**Given data**
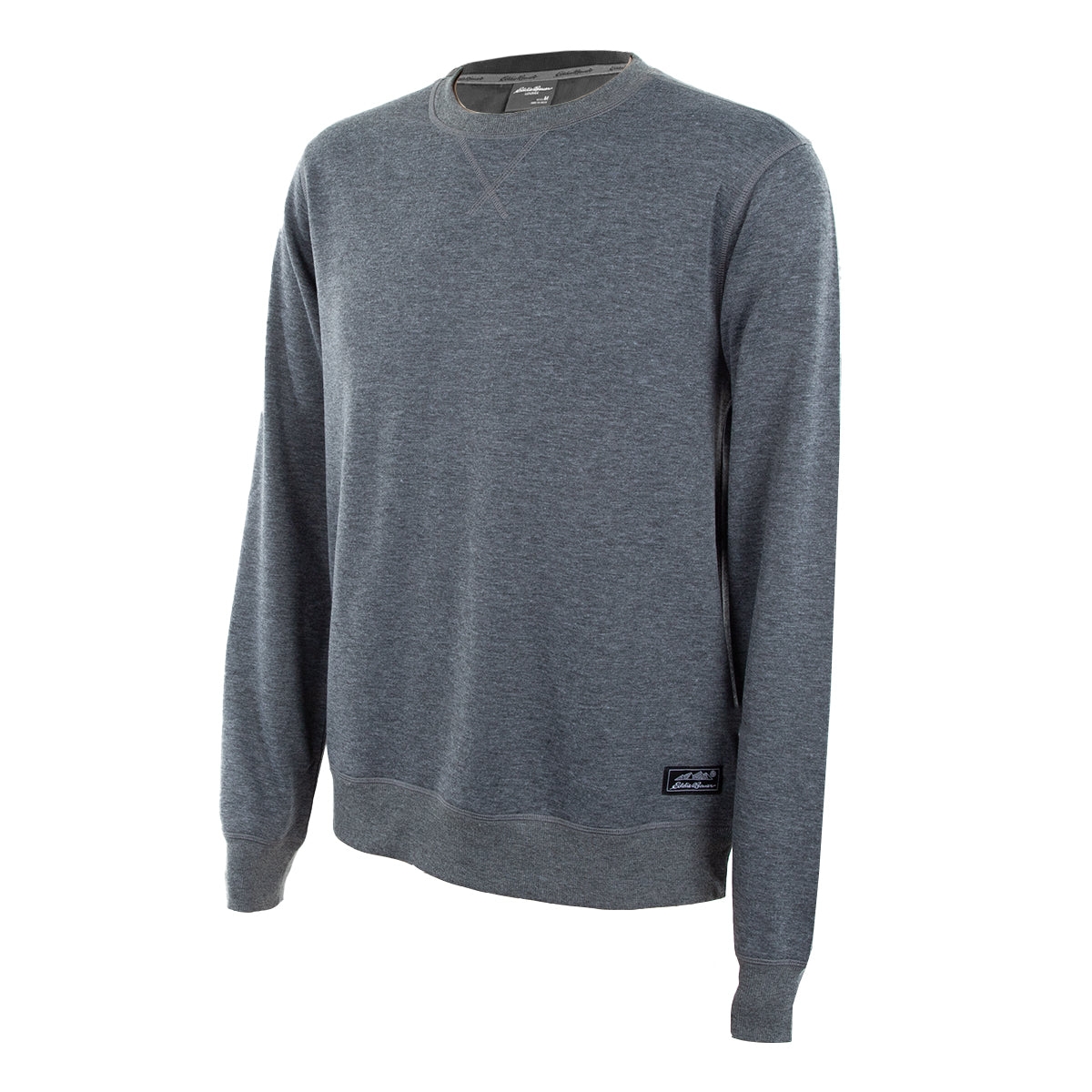 A gray Eddie Bauer crew sweater with long sleeves, featuring a small black label near the hem. The sweater is simple and casual with a V-stitch detail at the neckline.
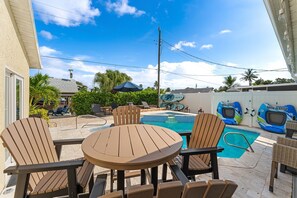 A backyard with a pool, outdoor furniture, and a tiki bar. - 445 Watts Way (Cocoa Beach)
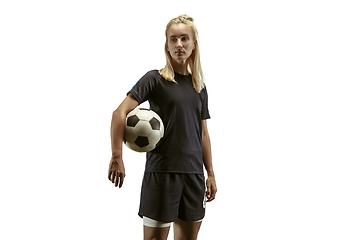 Image showing Female soccer player practicing and training at the stadium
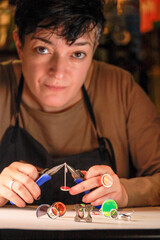 Stockholm, Sweden A silversmith in her studio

**What you need to do**
Repeat, line for line and exactly, the material from its first line through the line that contains "A backyard with", both ends included; no pictures belong in the copy.

**Solution to this task**
 A gray Eddie Bauer crew sweater with long sleeves, featuring a small black label near the hem. The sweater is simple and casual with a V-stitch detail at the neckline.
 A backyard with a pool, outdoor furniture, and a tiki bar. - 445 Watts Way (Cocoa Beach)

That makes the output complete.